Oleh Levytsky, a defence lawyer from the Ukrainian Helsinki Human Rights Union [UHHRU] has called the case of Panasenko by far the most shocking he has ever seen.  He says that he has studied all the material of the case, and believes there were never any grounds at all for Panasenko’s arrest. 

Back in 2009, Karpachova, as Ombudsperson, called for a review of Panasenko’s life sentence.  This was ignored, as have been similar calls from legal experts and human rights groups.  In March 2016 Independent Ukraine’s first President Leonid Kravchuk called the Panasenko case a court travesty. 

In 2018, the judge who had sentenced Panasenko to life imprisonment, Stanislav Holubytsky, was appointed Supreme Court judge.  This was despite a negative assessment from the Public Integrity Council which specifically noted his role in Panasenko’s imprisonment.

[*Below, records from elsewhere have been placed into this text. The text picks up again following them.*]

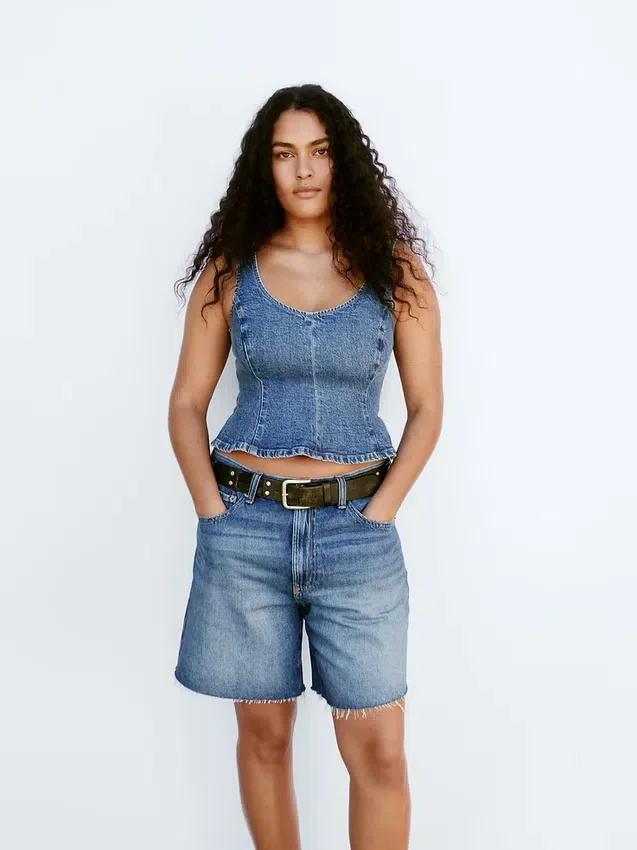 8" Bermudashorts i løs passform med middels høy midje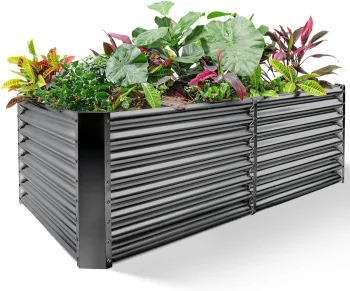 Galvanized Raised Garden Bed Kits: Outdoor Metal Planters for Vegetables and Large Gardening Boxes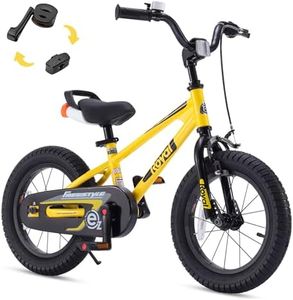 Royalbaby Freestyle EZ Kids Bike, Easy Learn Balancing to Biking, 14 Inch Balance & Pedal Bicycle, Instant Assembly Toddlers Boys Girls Ages 3-5 Years, 14" Yellow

In an appeal to President Volodymyr Zelensky and the Verkhovna Rada, UHHRU and the Kharkiv Human Rights Group called the Panasenko case the most shocking of all judicial miscarriages.  That appeal can still be endorsed here.  The authors of the appeal stress that exceptional lawlessness requires extraordinary measures and call on Zelensky to ‘pardon’ 60-year-old Panasenko or on parliament to issue an individual amnesty.  Obviously a proper judicial review, which would certainly be in Panasenko’s favour seems better, however best of all must be for Panasenko to finally be home with his wife and daughter, who has become a lawyer since her father’s arrest. 

It is believed that the Panasenko case and other apparent miscarriages of justice have not been rectified because to do so must entail questions being asked about the ‘investigators’, prosecutors and judges involved in such cases.

The choice for Volodymyr Zelensky and his party, Servant of the People, which holds an absolute majority of seats in parliament, is very clear.  Either they continue protecting those willing to imprison innocent men for their own ends, or they opt for justice here and now.